Note: This review is from the 2019 Fringe

It’s the first day at a new school for brother and sister Madani and Maryam – and when fellow new girl Alex protects Maryam from a bully, it seems like a friendship is forged for life. Together they negotiate adolescence, but as they emerge into adulthood, something changes.

Maryam (Zarima McDermott) appears to be the driving force. She is fearsomely intelligent, studious, and unashamedly modern in her outlook, despite her conservative Pakistani Muslim family. Her elder brother Madani (Isambard Rawbone), obsessed with fitness and idolizing his boxing coach, is determined to be the man of the house; a good guy, he wants to do the right thing in the absence of a father.

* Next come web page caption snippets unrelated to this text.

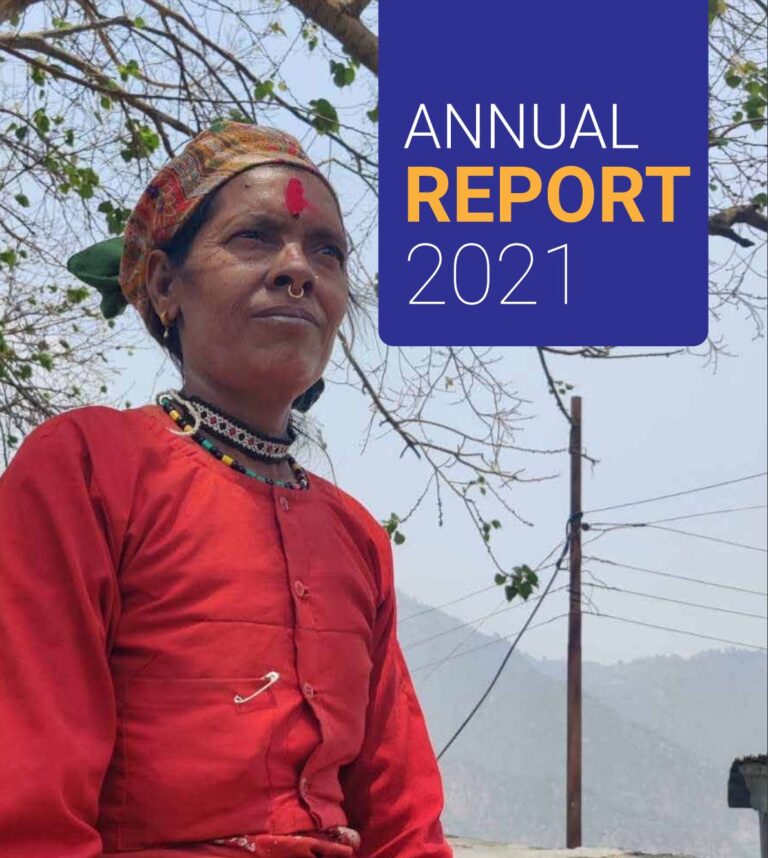 FEDO Annual Report 2021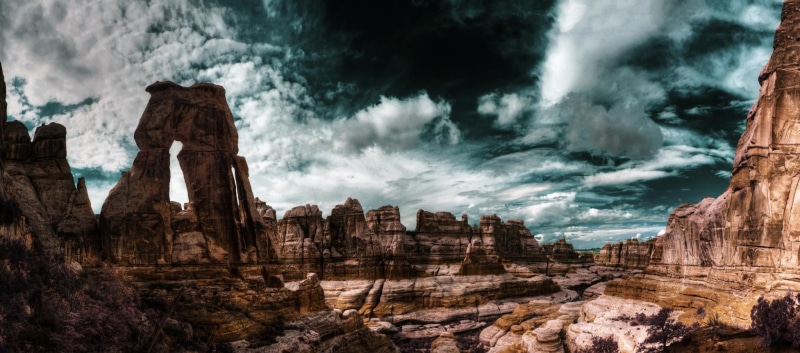famous Place, Under the Sea, outdoors, canyon, scape, arches, arch  druid, sandstone, landscape, canon  eos  7d, abstract, hiking, neat, cool, desert, nature
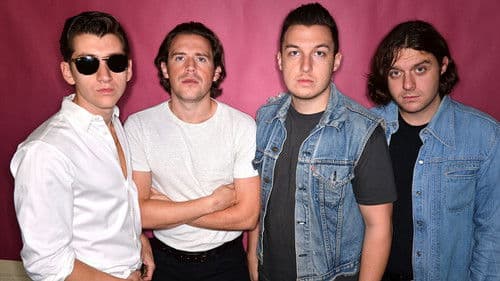 BBC Radio 1's Live Lounge: Arctic Monkeys Bild 2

But it is Alex who forms the apex of this triangle, and is the heart of the play. Gobby yet quietly domestic, lacking the ambition of the others, all she wants is to fall in love and get married. Aoife Smyth is perfect as Alex; her warm-heartedness is immensely engaging, and her asides commenting on her own behaviour are perfectly timed comic gems.

The tone is fun, the cultural references are spot-on, and with well-integrated costume changes the three friends move through the years: from primary school to teenage homework, to parties, and finally the longed-for months of summer after A Levels when life is full of promise – and sex. It is a joyful, witty coming of age tale.

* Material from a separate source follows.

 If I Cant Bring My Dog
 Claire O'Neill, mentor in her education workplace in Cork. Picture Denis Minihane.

The twist when it comes is brilliantly done. There’s a sleight of hand which means you don’t even notice it has happened, making the change in tone even more shocking when you realise. It does come very late and there isn’t much time left to deal with the fall-out, though it is handled deftly and with immense maturity. Perhaps some may feel uncomfortable with how it plays out, but part of its success that you will leave thinking about it.

Playwright Lucy Danser has crafted a play that focuses on women’s experience, yet hinges on male behaviour – and some might suggest that more could have been done to underscore that. But no: it is very much there, a very subtle trail has been laid, and all the characters find their lives and their perceptions of self significantly changed. It is a play I wish I could take my teenage children to.